I’d think they were pretty lucky.

 

Robin

You don’t understand anything!!!

 

Batman

Now you listen here; I’m Batman, and Batman is not a stupid person. (Pause) Just explain it to me again.

 

Robin

Why bother, you’re so naive. You don’t assume things about other people, but other people assume things about us.

 

Batman

And what do these people assume?

 

Robin

That we’re gay!!! That’s what!

 

Batman

Well, I agree with them; I’m quite gay, and so are you. Usually, at least … just… not today.

 

Robin

That’s what I mean! You don’t get it. They think we’re HOMOSEXUALS!

 

Batman

Now listen here chum, I think we need to calm down and relax for a bit.
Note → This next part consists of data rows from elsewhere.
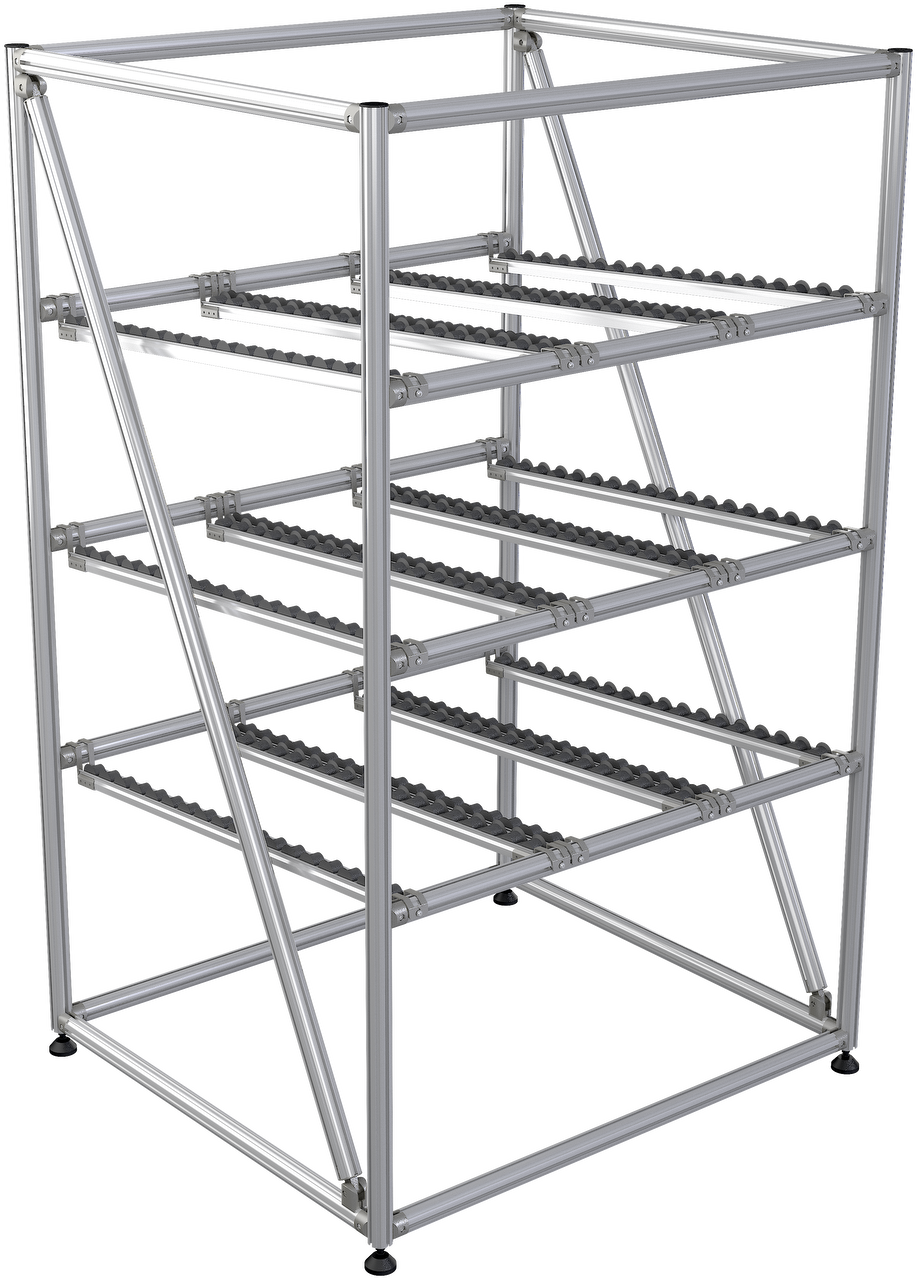 FIFO Durchlaufregal Grundfeld 1100x980x1800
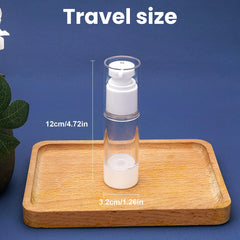 Cosywell airless bottle top view highlighting airtight seal and freshness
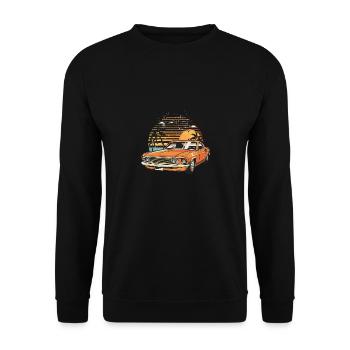 Vintage Vintage Car - Unisex Sweatshirt - black - Front - Alina (178cm) & Michal (187cm)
How about a jump in the Bat Tub? I’ll have Alfred fill it right now. Better yet I’ll arrange for him to give us shiatsu massages.

 

Robin

No! You haven’t been listening at all!

 

Batman

Well what then, Robin? What?

 

Robin

I’m leaving, Bruce. I’m sick of always being “and Robin,” I want to just be “Robin.” I want to have my own secret lair- the Robin Nest! – and my own swell cars and gadgets. You know what- no, I’m not even gonna be Robin, I’m gonna be something fiercer like… fiercer like, like a … no the, “The Pterodactyl!” That’s what they’ll call me, Richard Grayson, “the Pterodactyl,” defender of the streets.

 

Batman

Why that’s absurd. Dinosaurs aren’t super-heroes.